Member of the New Orleans City Council
- In office 1975–1977
- Preceded by: Eddie Sapir
- Succeeded by: Jim Singleton

Personal details
- Born: 1914
- Died: June 24, 1978 (aged 63–64)
- Party: Democratic

= Abraham Lincoln Davis =

American minister and civil rights activist

Abraham Lincoln Davis Jr. (1914 – June 24, 1978) was an American minister and leader in the civil rights movement. He led voting drives and advocated for desegregation in New Orleans, Louisiana. In 1975, Davis became the first African American member of the New Orleans City Council since the Reconstruction era.

==Early life==
Davis was from Bayou Goula, Louisiana. His father was a Baptist minister. He moved to New Orleans and graduated from McDonogh 35 High School. He was ordained as the minister at the New Zion Baptist Church in New Orleans in 1935. He earned his Bachelor of Arts from Leland College in 1949 and earned an honorary Doctor of Divinity from the Union Baptist Theological Seminary.

==Civil rights movement==
Davis became involved in the civil rights movement. In January 1957, he cofounded the Southern Christian Leadership Conference (SCLC) with Martin Luther King Jr. and others in his church. King served as the president of the SCLC, while Davis was vice president. The Louisiana Leadership Conference, a satellite organization of the SCLC, was formed in March 1957, with Davis and T. J. Jemison elected as its co-chairs. Associated with the SCLC, they conducted voting registration drives for African Americans.

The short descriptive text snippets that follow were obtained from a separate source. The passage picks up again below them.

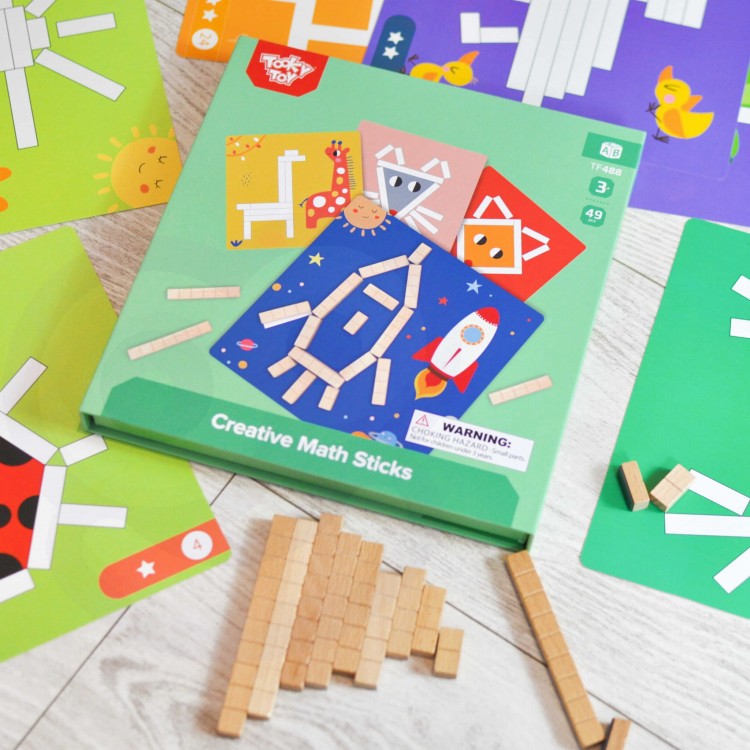 Układanka magnetyczna TOOKY TOY 49 el. – edukacyjne klocki i gra logiczna dla dzieci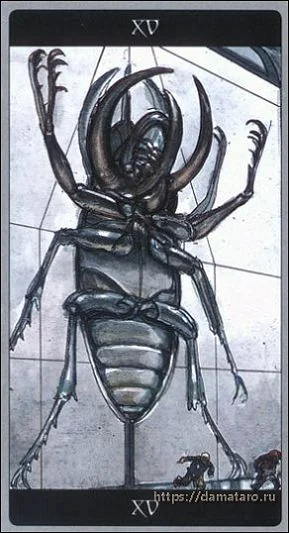 Meta Barons Tarot Review 6 The Devil card from the Meta Barons Tarot deck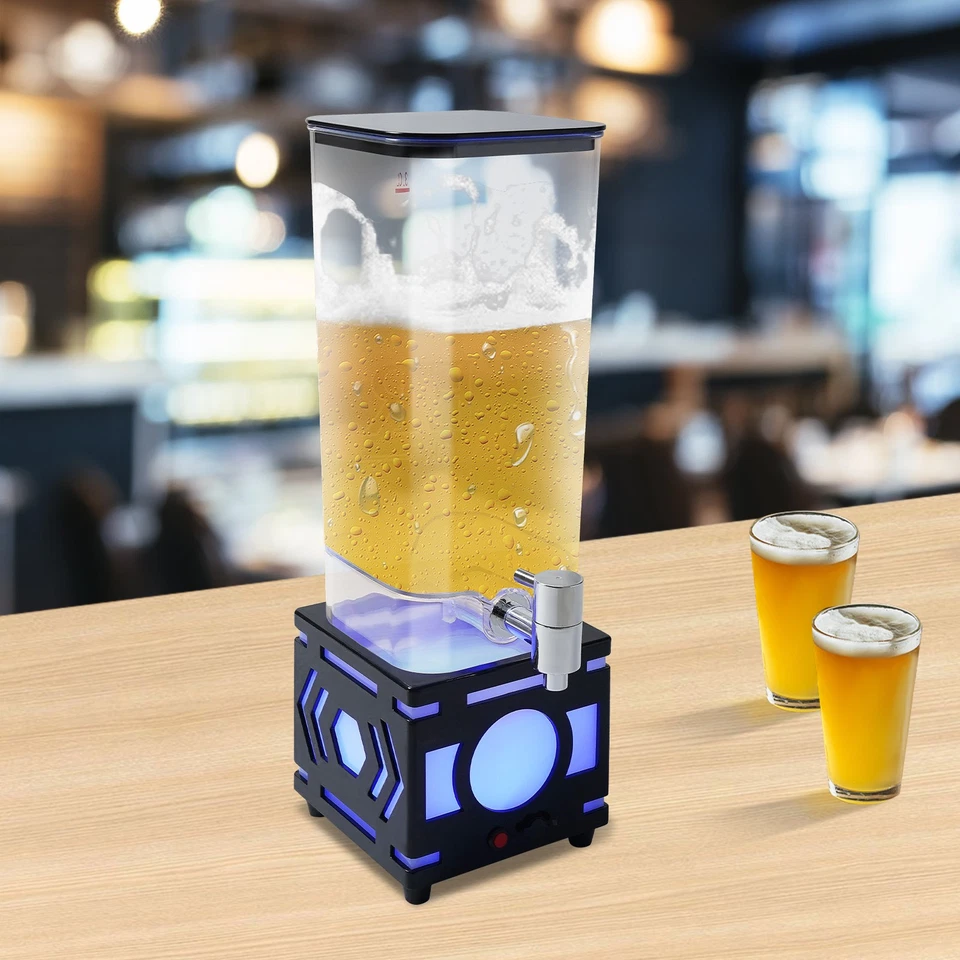 Коммерческий дозатор холодных напитков соков замороженный лед напиток 3 л со светодиодной подсветкой - Изображение 2 из 4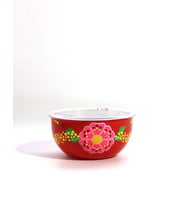 Kapaklı Kase Kırmızı (14 Cm)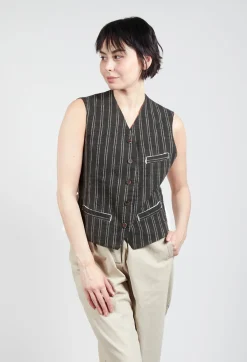 Hannoh Wessel Jackets^Gemma Gilet in Sepia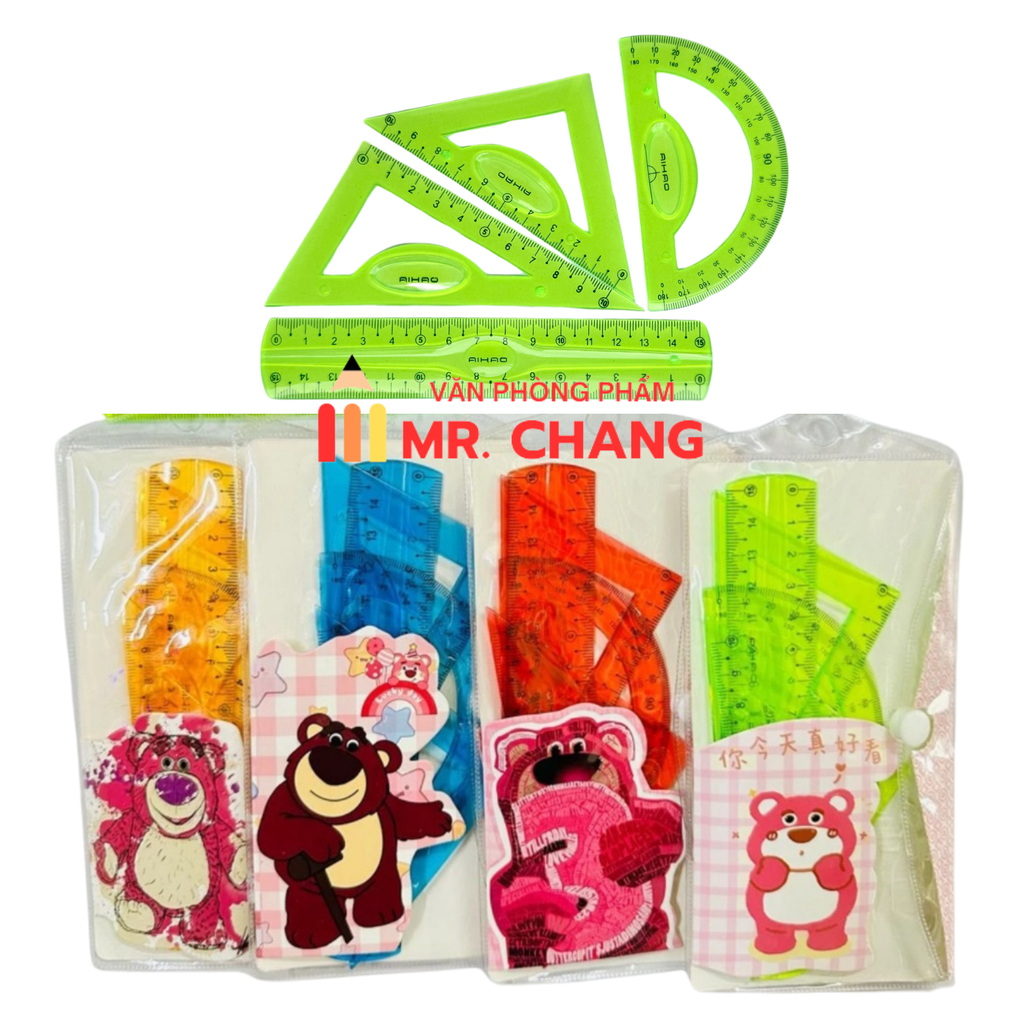 . Thước Dẻo Bộ Nút (4 Cây/Bộ; 40 Bộ/Hộp; 16 Hộp/Thùng)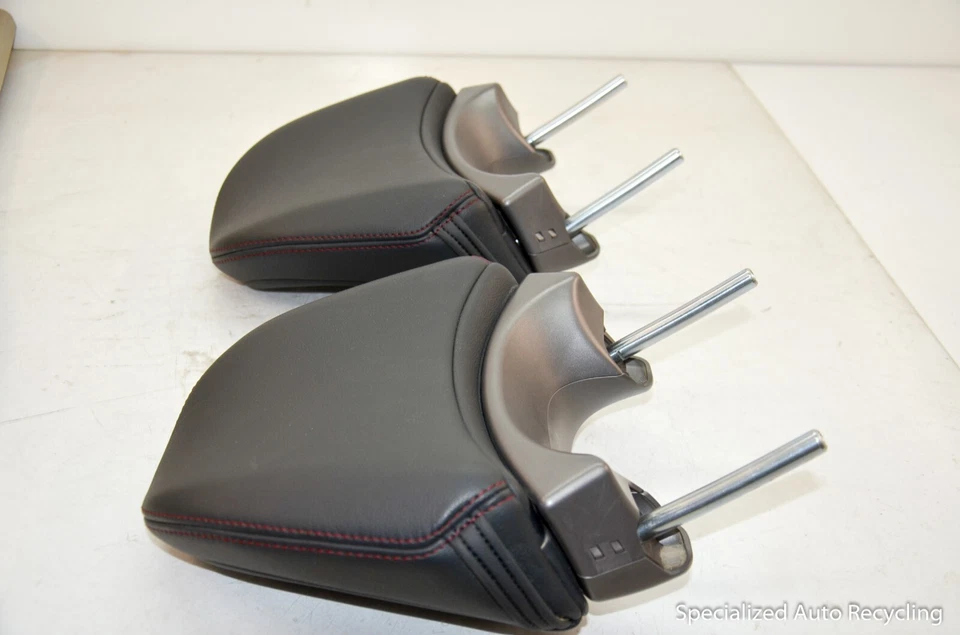 Honda CR-Z 2013 reposacabezas delantero derecho e izquierdo asiento cojín almohadilla Foto 3 de 4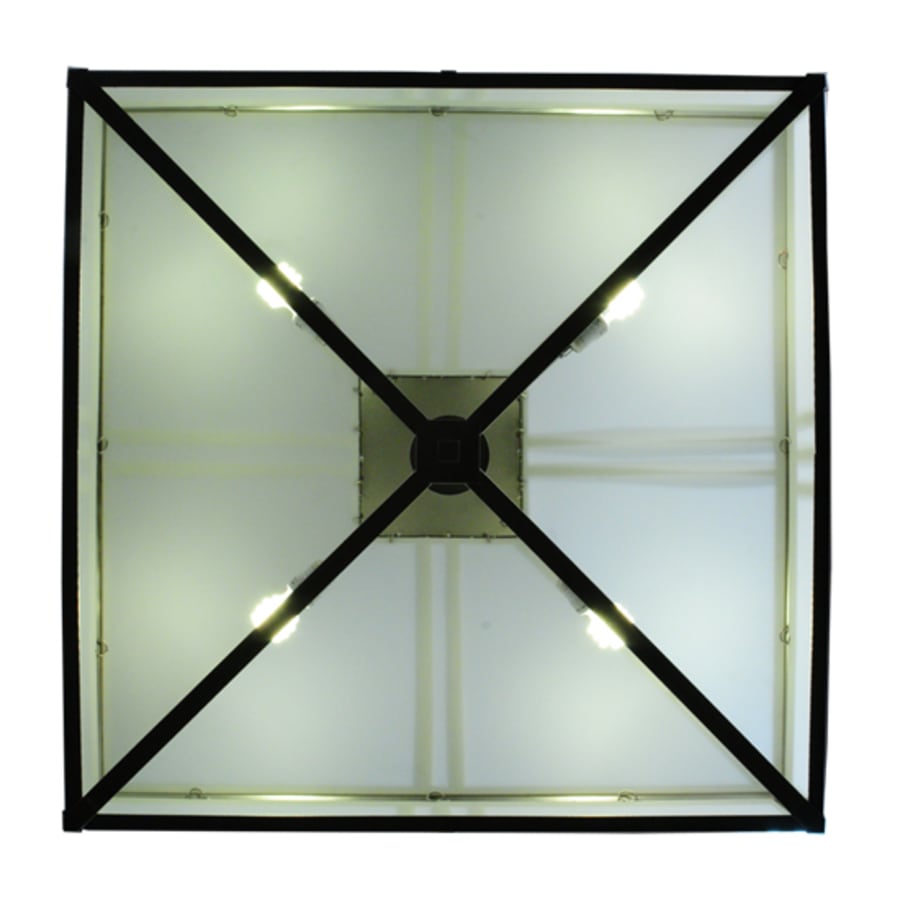 Meyda Tiffany Whitewing 4 Light 36" Wide Flush Mount Ceiling Fixture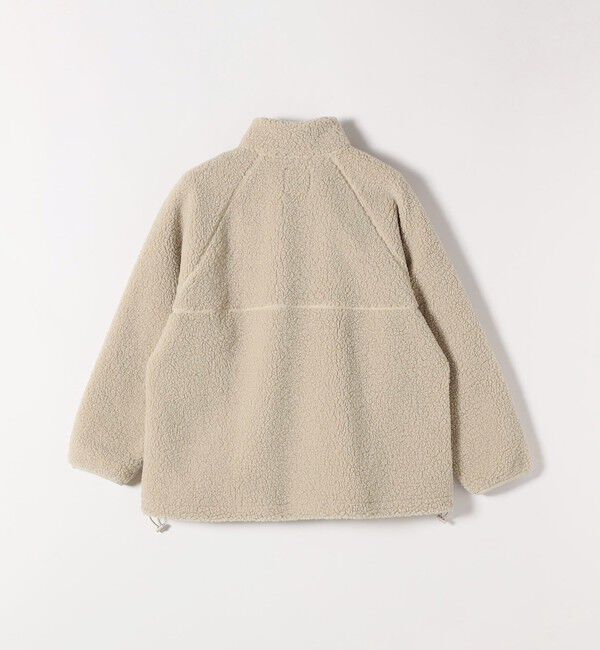 SHIPS any「SHIPS any:〈洗濯機可能〉ボア フリース ハーフジップ プルオーバー」|Tシャツ・カットソー|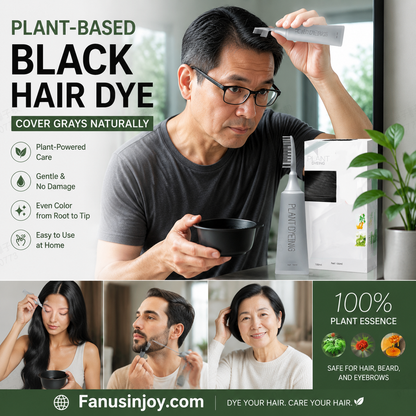 Plant-Based Comb Hair Dye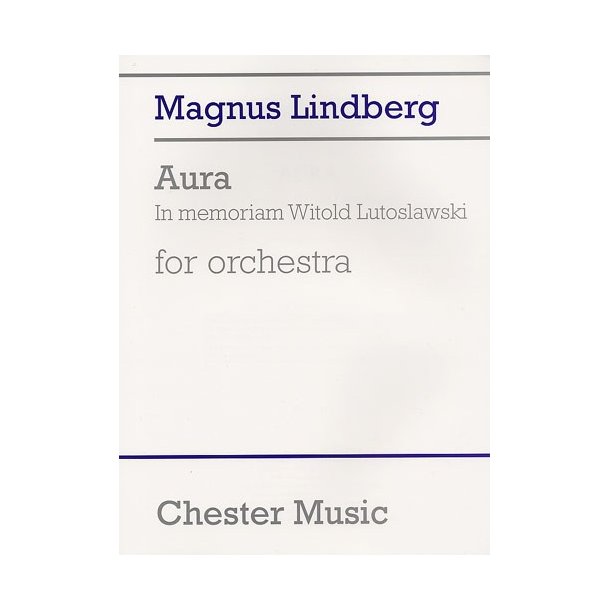 Magnus Lindberg: Aura Score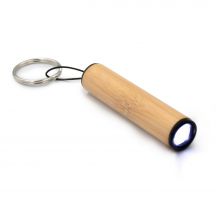 Bambusowy brelok do kluczy, lampka 1 LED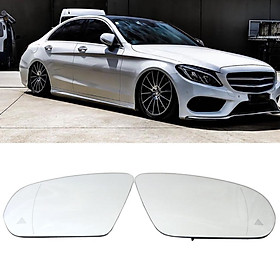 Rear Mirror Glossy Compatible Rearview Mirror Fit for  S-Class W222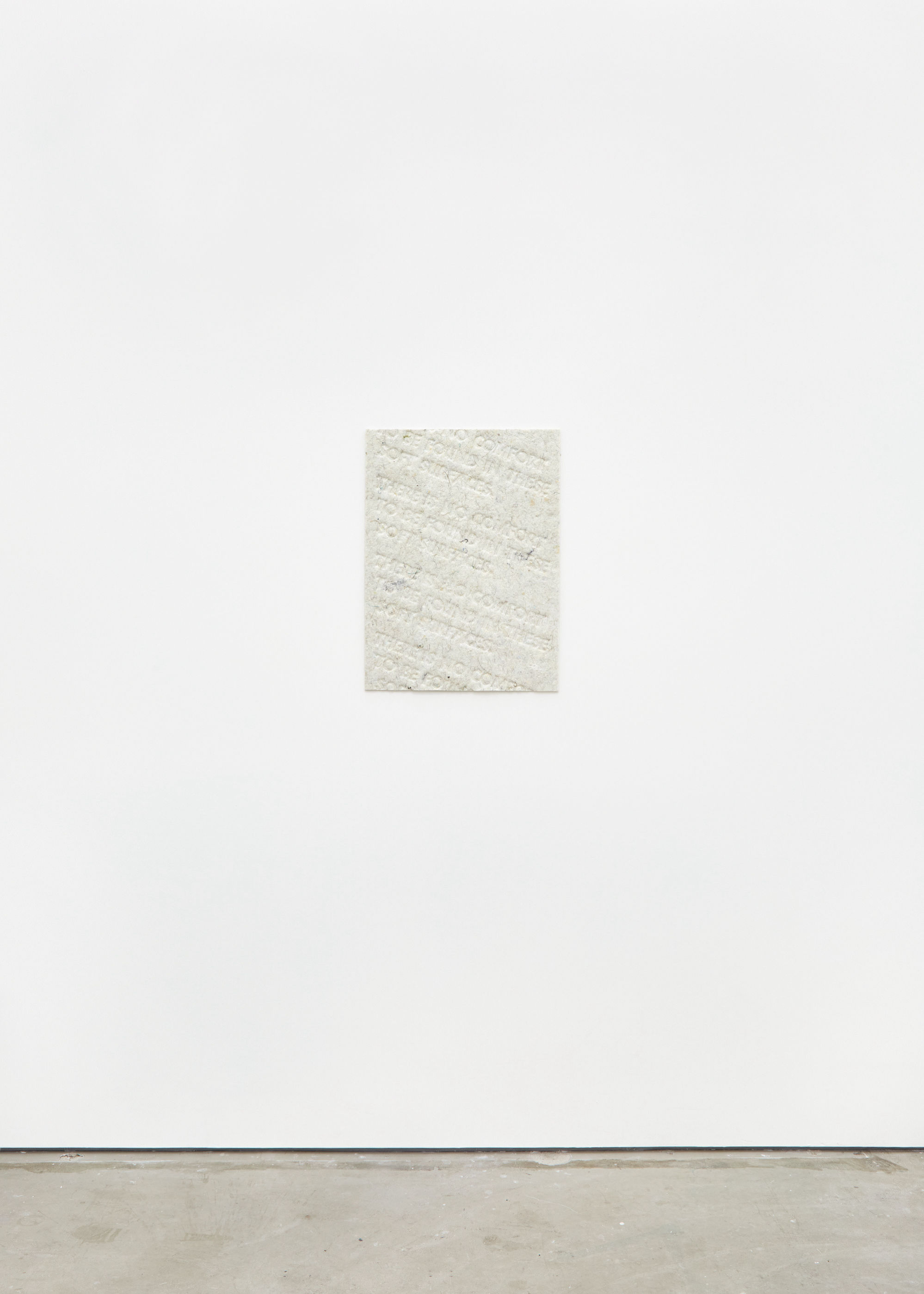 James Fuller - There Is No Comfort To Be Found In These Soft Surfaces 2021 -  THERE IS NO COMFORT TO BE FOUND IN THESE SOFT SURFACES (2021) - Pressed mixed fibre spring mattress wadding, steel - 03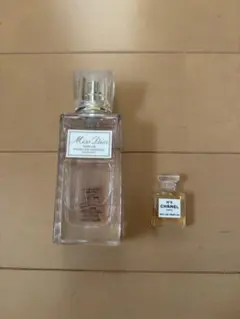 ミスディオールヘアミスト30ml ・シャネルNo.5香水サンプル2個セット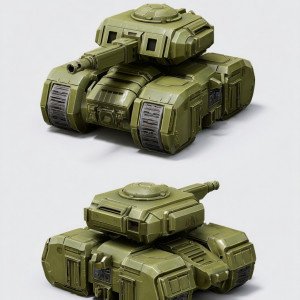 Броневик Голиаф в изометрии 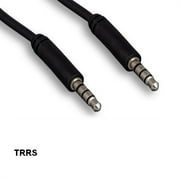 Kentek 3 Feet TRRS 3.5mm AUX Audio Mic Cable Cord for PC MAC iPod MP3 Car Notebook Phone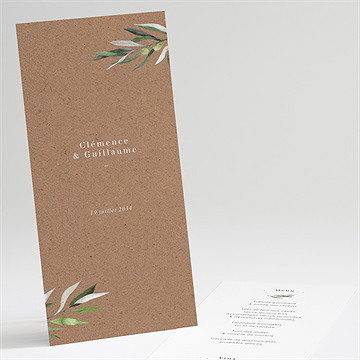 Menu mariage provençal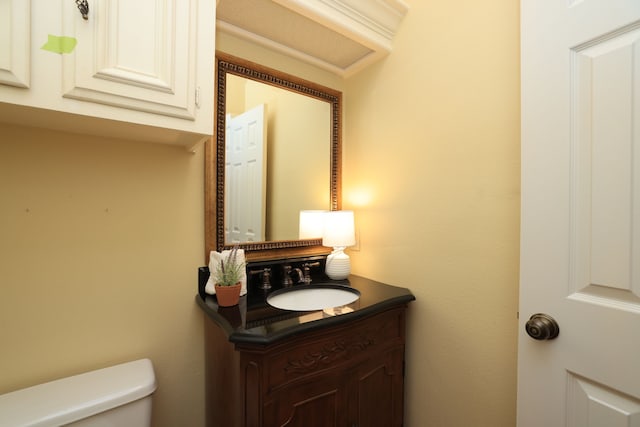 9327 Tranquil Park Dr, Spring, TX 77379 - bathroom with vanity and toilet
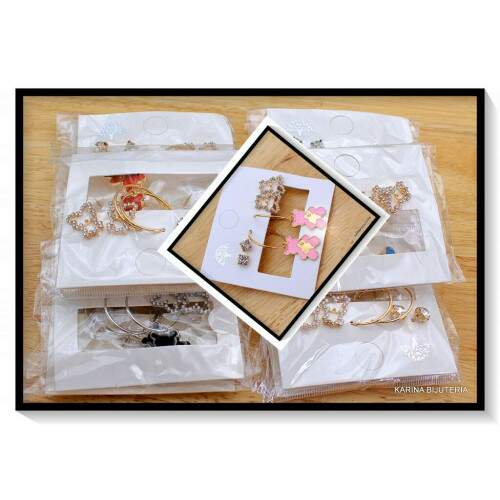 Brinco Delicado 36 Pares De Brincos Com 12 KIT BP4232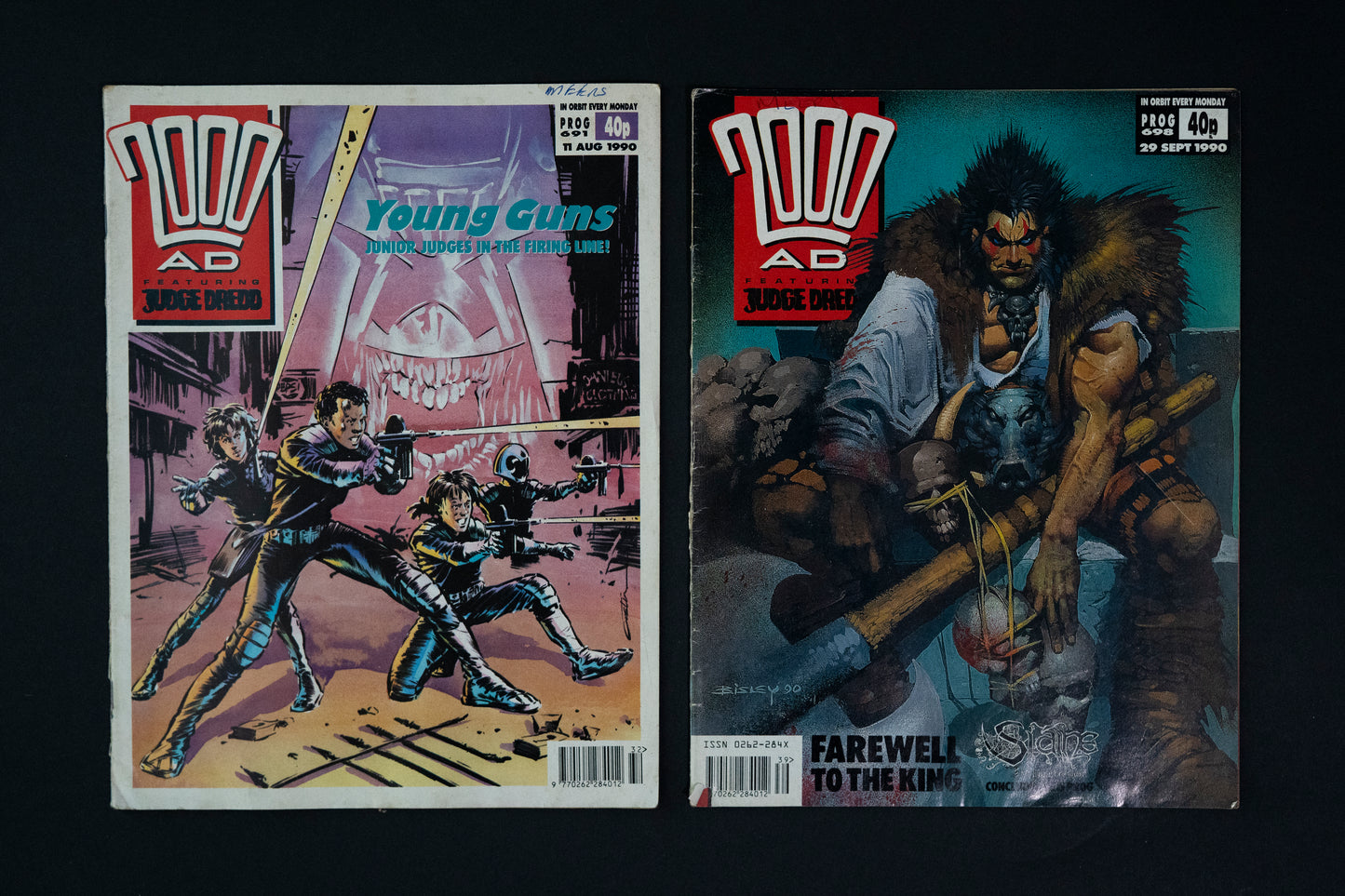2000 AD #674 689 691 698 699 & 1001 Vintage UK Comic Job Lot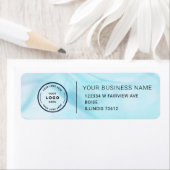 Étiquette Elegant Custom Business Return Address Label (En situation)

Davis became involved in progressive politics; he supported DeLesseps Story Morrison, the mayor of New Orleans, Governor Robert F. Kennon, and Congressman Hale Boggs. He opposed Earl Long, leading a faction of anti-Long Democrats. In 1961, Morrison named Davis the first director of race relations for the city. Governor John McKeithen appointed Davis to a committee on race relations.

Morrison's successor, Victor H. Schiro, resisted desegregation, and Davis led a march of 7,000 to 10,000 on city hall on September 30, 1963. Later that week, he presented a list of demands to the New Orleans City Council. He and Reverend Avery Alexander were arrested at a sit-in at city hall in November and he continued to organize a sit-in in city hall's cafeteria and outside the mayor's office, with people getting arrested daily. The campaign was halted after 47 were arrested, including members of the Congress of Racial Equality, before Davis and Alexander got to meet with Schiro. Ultimately, the group was able to win some progress on their demands, but not on all of them.

==Political career==
Davis ran for the Louisiana House of Representatives in the 1967 elections. He lost the December runoff election against incumbent Eugene O'Brien, receiving 4,324 votes to O'Brien's 4,442 votes.

In 1975, Davis and Jim Singleton were put forward as replacement candidates to represent District B on the New Orleans City Council, following the resignation of Eddie Sapir to serve as a city judge. Davis won the appointment by a 6–1 vote. He became the first African American to serve on the New Orleans City Council since the Reconstruction era. Davis won a special election for the remainder of Sapir's term in October 1976, but lost the 1977 election for a new term to Singleton.

==Personal life==
Davis had a daughter. He died on June 24, 1978.